Line by line, transcribe the records exactly.

THE DATA —
____________________
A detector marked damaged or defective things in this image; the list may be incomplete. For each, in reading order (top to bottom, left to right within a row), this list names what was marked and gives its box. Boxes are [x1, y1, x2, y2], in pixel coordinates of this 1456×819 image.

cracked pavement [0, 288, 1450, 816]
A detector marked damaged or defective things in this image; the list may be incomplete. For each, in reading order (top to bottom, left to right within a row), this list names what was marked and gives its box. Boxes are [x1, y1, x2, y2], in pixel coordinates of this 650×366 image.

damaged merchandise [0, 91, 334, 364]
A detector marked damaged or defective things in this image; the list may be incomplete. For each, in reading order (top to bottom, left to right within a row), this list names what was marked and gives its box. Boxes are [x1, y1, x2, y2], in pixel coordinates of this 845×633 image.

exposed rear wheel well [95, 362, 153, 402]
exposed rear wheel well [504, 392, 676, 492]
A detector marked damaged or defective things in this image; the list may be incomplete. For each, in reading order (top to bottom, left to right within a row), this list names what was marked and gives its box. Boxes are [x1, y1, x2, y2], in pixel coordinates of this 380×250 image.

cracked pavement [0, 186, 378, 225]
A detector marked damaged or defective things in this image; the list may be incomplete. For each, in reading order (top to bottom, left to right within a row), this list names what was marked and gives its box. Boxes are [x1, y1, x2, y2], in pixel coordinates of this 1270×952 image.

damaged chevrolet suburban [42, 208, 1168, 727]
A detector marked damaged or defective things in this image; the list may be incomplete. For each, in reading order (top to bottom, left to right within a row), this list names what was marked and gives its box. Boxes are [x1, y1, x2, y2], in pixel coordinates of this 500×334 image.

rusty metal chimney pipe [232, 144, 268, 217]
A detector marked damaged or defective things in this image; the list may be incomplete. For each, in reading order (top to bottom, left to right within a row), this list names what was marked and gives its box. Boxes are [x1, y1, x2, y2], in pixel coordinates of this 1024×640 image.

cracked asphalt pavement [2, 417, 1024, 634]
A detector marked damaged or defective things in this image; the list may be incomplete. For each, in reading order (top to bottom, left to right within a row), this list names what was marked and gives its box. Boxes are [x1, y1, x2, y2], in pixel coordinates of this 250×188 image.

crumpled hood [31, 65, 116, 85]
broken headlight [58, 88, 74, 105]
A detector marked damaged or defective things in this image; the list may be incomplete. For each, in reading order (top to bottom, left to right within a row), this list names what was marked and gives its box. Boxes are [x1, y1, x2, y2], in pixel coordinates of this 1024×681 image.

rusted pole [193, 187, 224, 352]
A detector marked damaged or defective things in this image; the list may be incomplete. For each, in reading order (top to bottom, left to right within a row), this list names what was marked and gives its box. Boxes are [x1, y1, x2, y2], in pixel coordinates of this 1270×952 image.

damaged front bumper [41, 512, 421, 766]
____________________
ANSWER TO THE EXERCISE —
A detector marked damaged or defective things in this image; the list may be incomplete. For each, in reading order (top to bottom, left to right within a row), this list names what was marked and gives its box. Boxes are [x1, y1, x2, y2], in pixel coordinates of this 1456×819 image.

cracked pavement [0, 288, 1450, 816]
A detector marked damaged or defective things in this image; the list may be incomplete. For each, in reading order (top to bottom, left to right within a row), this list names what was marked and gives its box. Boxes are [x1, y1, x2, y2], in pixel coordinates of this 650×366 image.

damaged merchandise [0, 91, 334, 364]
A detector marked damaged or defective things in this image; the list may be incomplete. For each, in reading order (top to bottom, left to right within a row), this list names what was marked and gives its box. Boxes are [x1, y1, x2, y2], in pixel coordinates of this 845×633 image.

exposed rear wheel well [95, 362, 153, 402]
exposed rear wheel well [504, 392, 676, 492]
A detector marked damaged or defective things in this image; the list may be incomplete. For each, in reading order (top to bottom, left to right within a row), this list names what was marked and gives its box. Boxes are [x1, y1, x2, y2], in pixel coordinates of this 380×250 image.

cracked pavement [0, 186, 378, 225]
A detector marked damaged or defective things in this image; the list may be incomplete. For each, in reading order (top to bottom, left to right within a row), this list names what was marked and gives its box. Boxes are [x1, y1, x2, y2], in pixel coordinates of this 1270×952 image.

damaged chevrolet suburban [42, 208, 1168, 727]
A detector marked damaged or defective things in this image; the list may be incomplete. For each, in reading order (top to bottom, left to right within a row), this list names what was marked and gives its box. Boxes are [x1, y1, x2, y2], in pixel coordinates of this 500×334 image.

rusty metal chimney pipe [232, 144, 268, 217]
A detector marked damaged or defective things in this image; the list may be incomplete. For each, in reading order (top to bottom, left to right within a row), this list names what was marked and gives its box. Boxes are [x1, y1, x2, y2], in pixel coordinates of this 1024×640 image.

cracked asphalt pavement [2, 417, 1024, 634]
A detector marked damaged or defective things in this image; the list may be incomplete. For each, in reading order (top to bottom, left to right within a row), this list names what was marked and gives its box. Boxes are [x1, y1, x2, y2], in pixel coordinates of this 250×188 image.

crumpled hood [31, 65, 116, 85]
broken headlight [58, 88, 74, 105]
A detector marked damaged or defective things in this image; the list may be incomplete. For each, in reading order (top to bottom, left to right within a row), this list names what was marked and gives its box. Boxes are [x1, y1, x2, y2], in pixel coordinates of this 1024×681 image.

rusted pole [193, 187, 224, 352]
A detector marked damaged or defective things in this image; the list may be incomplete. For each, in reading order (top to bottom, left to right within a row), this list names what was marked and gives its box. Boxes are [x1, y1, x2, y2], in pixel coordinates of this 1270×952 image.

damaged front bumper [41, 512, 421, 766]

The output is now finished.